◆ **ASSIGNED TASK**: Write out the entries again. Match each one exactly.

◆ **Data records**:

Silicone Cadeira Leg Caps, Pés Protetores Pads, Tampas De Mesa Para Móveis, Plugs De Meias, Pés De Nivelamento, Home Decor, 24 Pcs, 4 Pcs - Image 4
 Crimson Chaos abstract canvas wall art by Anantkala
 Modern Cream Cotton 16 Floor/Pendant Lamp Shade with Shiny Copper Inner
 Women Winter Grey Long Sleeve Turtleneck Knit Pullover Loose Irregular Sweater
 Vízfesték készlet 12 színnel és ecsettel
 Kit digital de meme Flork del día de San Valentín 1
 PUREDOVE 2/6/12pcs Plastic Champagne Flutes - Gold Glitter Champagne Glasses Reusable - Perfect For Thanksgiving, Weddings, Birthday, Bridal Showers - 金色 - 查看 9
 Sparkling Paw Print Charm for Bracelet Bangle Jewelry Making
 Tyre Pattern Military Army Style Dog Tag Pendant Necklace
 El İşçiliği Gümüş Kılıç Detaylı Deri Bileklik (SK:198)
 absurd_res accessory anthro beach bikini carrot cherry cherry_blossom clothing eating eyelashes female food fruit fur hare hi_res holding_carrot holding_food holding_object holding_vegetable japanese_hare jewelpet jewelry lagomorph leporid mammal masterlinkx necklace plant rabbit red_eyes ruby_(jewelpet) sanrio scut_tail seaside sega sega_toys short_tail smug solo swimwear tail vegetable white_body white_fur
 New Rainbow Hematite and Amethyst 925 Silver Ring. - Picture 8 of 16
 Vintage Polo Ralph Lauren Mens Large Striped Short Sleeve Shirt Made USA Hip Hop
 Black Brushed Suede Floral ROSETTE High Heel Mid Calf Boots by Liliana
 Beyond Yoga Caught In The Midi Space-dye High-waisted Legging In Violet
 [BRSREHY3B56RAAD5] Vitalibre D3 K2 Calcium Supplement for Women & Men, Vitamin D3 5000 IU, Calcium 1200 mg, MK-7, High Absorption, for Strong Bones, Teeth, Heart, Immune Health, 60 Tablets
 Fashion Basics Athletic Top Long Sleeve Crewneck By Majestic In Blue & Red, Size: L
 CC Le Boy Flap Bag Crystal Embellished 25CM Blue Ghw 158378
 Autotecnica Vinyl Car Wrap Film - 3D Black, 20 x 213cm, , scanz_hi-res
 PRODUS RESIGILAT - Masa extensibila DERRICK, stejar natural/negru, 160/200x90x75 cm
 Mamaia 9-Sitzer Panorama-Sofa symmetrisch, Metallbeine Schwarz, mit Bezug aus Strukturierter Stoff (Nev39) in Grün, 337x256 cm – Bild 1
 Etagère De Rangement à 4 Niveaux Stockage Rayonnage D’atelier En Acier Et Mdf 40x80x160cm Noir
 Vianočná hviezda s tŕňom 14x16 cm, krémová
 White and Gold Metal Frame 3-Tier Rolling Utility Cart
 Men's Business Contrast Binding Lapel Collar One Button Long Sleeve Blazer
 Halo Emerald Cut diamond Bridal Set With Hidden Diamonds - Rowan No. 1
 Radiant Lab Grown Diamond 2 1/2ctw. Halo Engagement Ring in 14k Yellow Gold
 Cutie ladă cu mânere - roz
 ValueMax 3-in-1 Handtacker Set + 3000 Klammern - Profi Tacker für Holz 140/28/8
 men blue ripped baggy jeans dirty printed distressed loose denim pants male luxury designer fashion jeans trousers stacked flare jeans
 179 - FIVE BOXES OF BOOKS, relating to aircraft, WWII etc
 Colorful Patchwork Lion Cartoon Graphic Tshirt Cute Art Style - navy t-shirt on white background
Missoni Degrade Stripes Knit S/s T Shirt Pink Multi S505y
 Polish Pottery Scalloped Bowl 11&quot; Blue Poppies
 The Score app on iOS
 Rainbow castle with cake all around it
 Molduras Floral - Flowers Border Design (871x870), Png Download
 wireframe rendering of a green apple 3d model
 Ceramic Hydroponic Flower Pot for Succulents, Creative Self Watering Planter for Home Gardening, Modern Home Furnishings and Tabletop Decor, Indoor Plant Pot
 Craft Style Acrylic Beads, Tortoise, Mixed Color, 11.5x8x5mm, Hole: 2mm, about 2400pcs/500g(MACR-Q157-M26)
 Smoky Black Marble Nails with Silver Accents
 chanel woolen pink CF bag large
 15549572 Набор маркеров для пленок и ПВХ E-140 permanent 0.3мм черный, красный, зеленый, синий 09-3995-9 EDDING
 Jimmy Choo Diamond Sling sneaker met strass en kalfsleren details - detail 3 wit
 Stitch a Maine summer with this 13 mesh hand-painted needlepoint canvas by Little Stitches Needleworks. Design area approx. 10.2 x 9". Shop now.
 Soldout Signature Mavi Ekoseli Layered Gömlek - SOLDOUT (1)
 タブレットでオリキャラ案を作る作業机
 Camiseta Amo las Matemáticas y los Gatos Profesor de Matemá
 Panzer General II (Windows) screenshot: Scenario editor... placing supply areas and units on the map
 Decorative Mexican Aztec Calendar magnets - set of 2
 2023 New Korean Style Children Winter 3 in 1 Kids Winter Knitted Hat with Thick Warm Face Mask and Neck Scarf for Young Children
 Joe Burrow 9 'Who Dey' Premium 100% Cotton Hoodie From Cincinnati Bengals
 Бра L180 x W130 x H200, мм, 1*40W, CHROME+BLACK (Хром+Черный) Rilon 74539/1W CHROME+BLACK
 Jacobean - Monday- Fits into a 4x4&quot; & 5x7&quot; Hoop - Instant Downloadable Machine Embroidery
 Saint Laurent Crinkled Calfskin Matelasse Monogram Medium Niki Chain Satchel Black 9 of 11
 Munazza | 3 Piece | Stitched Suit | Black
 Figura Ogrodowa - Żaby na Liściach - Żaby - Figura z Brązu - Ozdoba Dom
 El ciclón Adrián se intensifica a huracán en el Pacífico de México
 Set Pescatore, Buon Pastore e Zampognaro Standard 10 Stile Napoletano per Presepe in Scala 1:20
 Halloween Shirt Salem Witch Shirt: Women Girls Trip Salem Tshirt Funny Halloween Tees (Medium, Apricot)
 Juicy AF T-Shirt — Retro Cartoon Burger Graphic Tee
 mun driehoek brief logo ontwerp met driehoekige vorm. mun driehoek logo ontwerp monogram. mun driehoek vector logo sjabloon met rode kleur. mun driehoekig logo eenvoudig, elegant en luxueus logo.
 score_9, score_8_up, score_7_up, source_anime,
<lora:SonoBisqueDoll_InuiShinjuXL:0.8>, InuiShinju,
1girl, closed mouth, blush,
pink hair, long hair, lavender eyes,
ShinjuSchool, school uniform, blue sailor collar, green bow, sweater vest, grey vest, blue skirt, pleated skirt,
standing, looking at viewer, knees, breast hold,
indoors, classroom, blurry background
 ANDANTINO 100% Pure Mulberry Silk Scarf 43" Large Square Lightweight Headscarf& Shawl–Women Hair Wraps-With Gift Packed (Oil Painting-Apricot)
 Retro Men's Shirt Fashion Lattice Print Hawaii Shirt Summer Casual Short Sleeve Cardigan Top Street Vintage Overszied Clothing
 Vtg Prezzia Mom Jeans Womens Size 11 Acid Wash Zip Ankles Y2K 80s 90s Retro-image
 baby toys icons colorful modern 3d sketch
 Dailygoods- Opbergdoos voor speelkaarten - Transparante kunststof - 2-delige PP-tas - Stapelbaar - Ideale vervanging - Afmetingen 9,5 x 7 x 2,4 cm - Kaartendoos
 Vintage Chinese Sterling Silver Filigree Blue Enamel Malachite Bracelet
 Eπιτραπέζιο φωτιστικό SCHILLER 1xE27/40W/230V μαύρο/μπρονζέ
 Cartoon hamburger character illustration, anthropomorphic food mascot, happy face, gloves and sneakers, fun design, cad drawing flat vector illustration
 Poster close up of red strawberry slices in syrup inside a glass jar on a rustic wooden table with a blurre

◆ **RESPONSE BOX**:
Silicone Cadeira Leg Caps, Pés Protetores Pads, Tampas De Mesa Para Móveis, Plugs De Meias, Pés De Nivelamento, Home Decor, 24 Pcs, 4 Pcs - Image 4
 Crimson Chaos abstract canvas wall art by Anantkala
 Modern Cream Cotton 16 Floor/Pendant Lamp Shade with Shiny Copper Inner
 Women Winter Grey Long Sleeve Turtleneck Knit Pullover Loose Irregular Sweater
 Vízfesték készlet 12 színnel és ecsettel
 Kit digital de meme Flork del día de San Valentín 1
 PUREDOVE 2/6/12pcs Plastic Champagne Flutes - Gold Glitter Champagne Glasses Reusable - Perfect For Thanksgiving, Weddings, Birthday, Bridal Showers - 金色 - 查看 9
 Sparkling Paw Print Charm for Bracelet Bangle Jewelry Making
 Tyre Pattern Military Army Style Dog Tag Pendant Necklace
 El İşçiliği Gümüş Kılıç Detaylı Deri Bileklik (SK:198)
 absurd_res accessory anthro beach bikini carrot cherry cherry_blossom clothing eating eyelashes female food fruit fur hare hi_res holding_carrot holding_food holding_object holding_vegetable japanese_hare jewelpet jewelry lagomorph leporid mammal masterlinkx necklace plant rabbit red_eyes ruby_(jewelpet) sanrio scut_tail seaside sega sega_toys short_tail smug solo swimwear tail vegetable white_body white_fur
 New Rainbow Hematite and Amethyst 925 Silver Ring. - Picture 8 of 16
 Vintage Polo Ralph Lauren Mens Large Striped Short Sleeve Shirt Made USA Hip Hop
 Black Brushed Suede Floral ROSETTE High Heel Mid Calf Boots by Liliana
 Beyond Yoga Caught In The Midi Space-dye High-waisted Legging In Violet
 [BRSREHY3B56RAAD5] Vitalibre D3 K2 Calcium Supplement for Women & Men, Vitamin D3 5000 IU, Calcium 1200 mg, MK-7, High Absorption, for Strong Bones, Teeth, Heart, Immune Health, 60 Tablets
 Fashion Basics Athletic Top Long Sleeve Crewneck By Majestic In Blue & Red, Size: L
 CC Le Boy Flap Bag Crystal Embellished 25CM Blue Ghw 158378
 Autotecnica Vinyl Car Wrap Film - 3D Black, 20 x 213cm, , scanz_hi-res
 PRODUS RESIGILAT - Masa extensibila DERRICK, stejar natural/negru, 160/200x90x75 cm
 Mamaia 9-Sitzer Panorama-Sofa symmetrisch, Metallbeine Schwarz, mit Bezug aus Strukturierter Stoff (Nev39) in Grün, 337x256 cm – Bild 1
 Etagère De Rangement à 4 Niveaux Stockage Rayonnage D’atelier En Acier Et Mdf 40x80x160cm Noir
 Vianočná hviezda s tŕňom 14x16 cm, krémová
 White and Gold Metal Frame 3-Tier Rolling Utility Cart
 Men's Business Contrast Binding Lapel Collar One Button Long Sleeve Blazer
 Halo Emerald Cut diamond Bridal Set With Hidden Diamonds - Rowan No. 1
 Radiant Lab Grown Diamond 2 1/2ctw. Halo Engagement Ring in 14k Yellow Gold
 Cutie ladă cu mânere - roz
 ValueMax 3-in-1 Handtacker Set + 3000 Klammern - Profi Tacker für Holz 140/28/8
 men blue ripped baggy jeans dirty printed distressed loose denim pants male luxury designer fashion jeans trousers stacked flare jeans
 179 - FIVE BOXES OF BOOKS, relating to aircraft, WWII etc
 Colorful Patchwork Lion Cartoon Graphic Tshirt Cute Art Style - navy t-shirt on white background
Missoni Degrade Stripes Knit S/s T Shirt Pink Multi S505y
 Polish Pottery Scalloped Bowl 11&quot; Blue Poppies
 The Score app on iOS
 Rainbow castle with cake all around it
 Molduras Floral - Flowers Border Design (871x870), Png Download
 wireframe rendering of a green apple 3d model
 Ceramic Hydroponic Flower Pot for Succulents, Creative Self Watering Planter for Home Gardening, Modern Home Furnishings and Tabletop Decor, Indoor Plant Pot
 Craft Style Acrylic Beads, Tortoise, Mixed Color, 11.5x8x5mm, Hole: 2mm, about 2400pcs/500g(MACR-Q157-M26)
 Smoky Black Marble Nails with Silver Accents
 chanel woolen pink CF bag large
 15549572 Набор маркеров для пленок и ПВХ E-140 permanent 0.3мм черный, красный, зеленый, синий 09-3995-9 EDDING
 Jimmy Choo Diamond Sling sneaker met strass en kalfsleren details - detail 3 wit
 Stitch a Maine summer with this 13 mesh hand-painted needlepoint canvas by Little Stitches Needleworks. Design area approx. 10.2 x 9". Shop now.
 Soldout Signature Mavi Ekoseli Layered Gömlek - SOLDOUT (1)
 タブレットでオリキャラ案を作る作業机
 Camiseta Amo las Matemáticas y los Gatos Profesor de Matemá
 Panzer General II (Windows) screenshot: Scenario editor... placing supply areas and units on the map
 Decorative Mexican Aztec Calendar magnets - set of 2
 2023 New Korean Style Children Winter 3 in 1 Kids Winter Knitted Hat with Thick Warm Face Mask and Neck Scarf for Young Children
 Joe Burrow 9 'Who Dey' Premium 100% Cotton Hoodie From Cincinnati Bengals
 Бра L180 x W130 x H200, мм, 1*40W, CHROME+BLACK (Хром+Черный) Rilon 74539/1W CHROME+BLACK
 Jacobean - Monday- Fits into a 4x4&quot; & 5x7&quot; Hoop - Instant Downloadable Machine Embroidery
 Saint Laurent Crinkled Calfskin Matelasse Monogram Medium Niki Chain Satchel Black 9 of 11
 Munazza | 3 Piece | Stitched Suit | Black
 Figura Ogrodowa - Żaby na Liściach - Żaby - Figura z Brązu - Ozdoba Dom
 El ciclón Adrián se intensifica a huracán en el Pacífico de México
 Set Pescatore, Buon Pastore e Zampognaro Standard 10 Stile Napoletano per Presepe in Scala 1:20
 Halloween Shirt Salem Witch Shirt: Women Girls Trip Salem Tshirt Funny Halloween Tees (Medium, Apricot)
 Juicy AF T-Shirt — Retro Cartoon Burger Graphic Tee
 mun driehoek brief logo ontwerp met driehoekige vorm. mun driehoek logo ontwerp monogram. mun driehoek vector logo sjabloon met rode kleur. mun driehoekig logo eenvoudig, elegant en luxueus logo.
 score_9, score_8_up, score_7_up, source_anime,
<lora:SonoBisqueDoll_InuiShinjuXL:0.8>, InuiShinju,
1girl, closed mouth, blush,
pink hair, long hair, lavender eyes,
ShinjuSchool, school uniform, blue sailor collar, green bow, sweater vest, grey vest, blue skirt, pleated skirt,
standing, looking at viewer, knees, breast hold,
indoors, classroom, blurry background
 ANDANTINO 100% Pure Mulberry Silk Scarf 43" Large Square Lightweight Headscarf& Shawl–Women Hair Wraps-With Gift Packed (Oil Painting-Apricot)
 Retro Men's Shirt Fashion Lattice Print Hawaii Shirt Summer Casual Short Sleeve Cardigan Top Street Vintage Overszied Clothing
 Vtg Prezzia Mom Jeans Womens Size 11 Acid Wash Zip Ankles Y2K 80s 90s Retro-image
 baby toys icons colorful modern 3d sketch
 Dailygoods- Opbergdoos voor speelkaarten - Transparante kunststof - 2-delige PP-tas - Stapelbaar - Ideale vervanging - Afmetingen 9,5 x 7 x 2,4 cm - Kaartendoos
 Vintage Chinese Sterling Silver Filigree Blue Enamel Malachite Bracelet
 Eπιτραπέζιο φωτιστικό SCHILLER 1xE27/40W/230V μαύρο/μπρονζέ
 Cartoon hamburger character illustration, anthropomorphic food mascot, happy face, gloves and sneakers, fun design, cad drawing flat vector illustration
 Poster close up of red strawberry slices in syrup inside a glass jar on a rustic wooden table with a blurre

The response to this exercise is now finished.